Copy the material below verbatim from the line with "Design and Synthesis" to the line with "Taxus baccata - közönséges tiszafa", both lines included, omitting pictures and every line outside that range.

▶ [MATERIAL SHOWN]

==*==

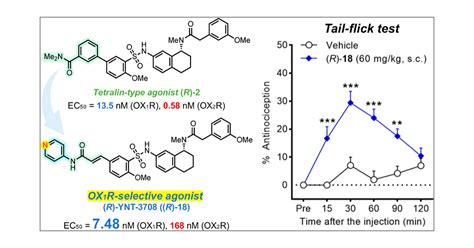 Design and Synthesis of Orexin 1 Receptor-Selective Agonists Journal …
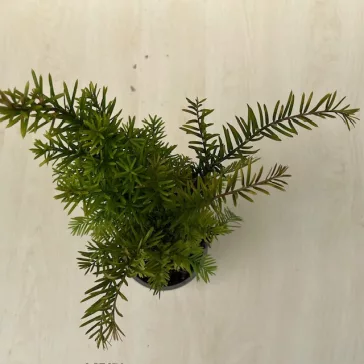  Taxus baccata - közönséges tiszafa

==*==

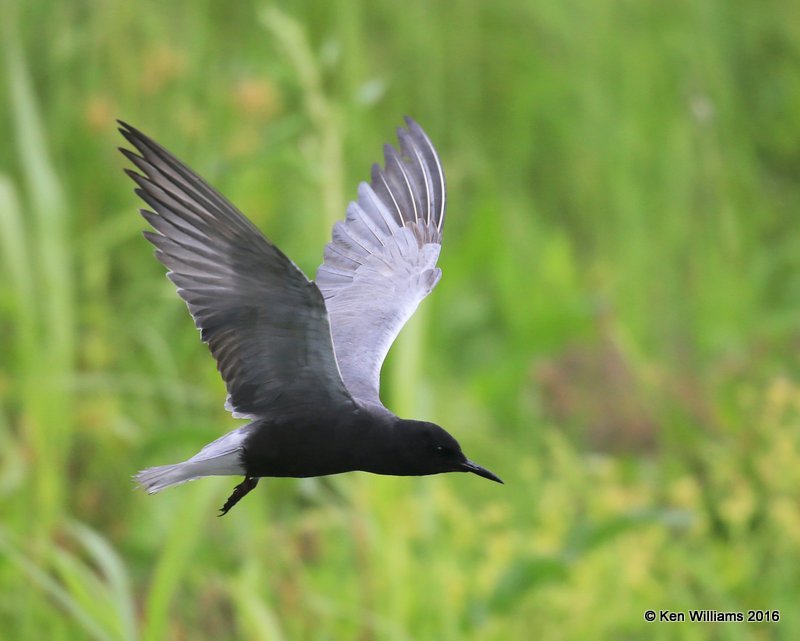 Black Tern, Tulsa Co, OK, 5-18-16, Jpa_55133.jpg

==*==

▶ [RESPONSE AREA]
 Design and Synthesis of Orexin 1 Receptor-Selective Agonists Journal …
  Taxus baccata - közönséges tiszafa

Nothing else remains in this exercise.